Letters to Esther

Uselessness and Tail Chasing

Yes, I’ve been thoroughly useless. I spent the entire weekend trolling RootsWeb and World Connect and trying to make sense of what I was able to find out. I’m not a genealogist, by any stretch of the imagination. A lot of the thought processes involved are disturbingly like math story problems, so it doesn’t take long before I get brainache. There are about eleventy ways to go at establishing any given link, and unless you hit on the correct combination of parameters, you’ll come up with bupkis. And then, you can look at something twelfty times and on the twelfty-eleventh, the penny suddenly drops, and everything falls neatly into place. It’s frustrating as all hell, but when you stumble across an important key bit of information, it’s also rewarding.

I’ve spent several years, on and off, trying to pin down Esther’s family tree. I had a small amount of information from the letters themselves, and will likely have more as I go continue reading and transcribing them. However, there are huge gaps, especially on her father’s side. Odd that I should stumble upon her mother’s data, when so many women show up as Unknown in family genealogies. I think the saddest, though, is Esther’s paternal grandmother, who thus far is Unknown Unknown. She was someone, damnit, and deserves better than that. So, I spent the weekend trying to figure out who she could’ve been. A fool’s errand, that, as all I know is that she probably came from the Dayton, Ohio area and that she married an Unknown Munro who probably came from the Seekonk, Massachusetts area. They were probably married prior to March 1864 (their son’s birthday is 14 January 1865). I don’t know where they were married, but I’m guessing it was either near her family’s Dayton area home or in La Salle County, Ohio, where their son was born. That’s a lot of maybes. I feel like I’ve been chasing myself around and around in circles, because I keep running into the same false doors and brick walls.

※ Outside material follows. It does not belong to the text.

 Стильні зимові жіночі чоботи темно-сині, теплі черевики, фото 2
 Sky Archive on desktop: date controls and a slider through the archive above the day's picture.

All I can say is that I’m thankful that I don’t feel much of an urge to do this sort of research on my own family, because it’d be every bit as frustrating.

EEEEEP! And, just to show how fickle this whole process is, I justthisverysecond found, via an LDS records search, that Esther’s paternal grandparents were Warren C. Munro and Emma Pearson. I’m tellin’ ya’, this genealogy thing could drive a person to tears.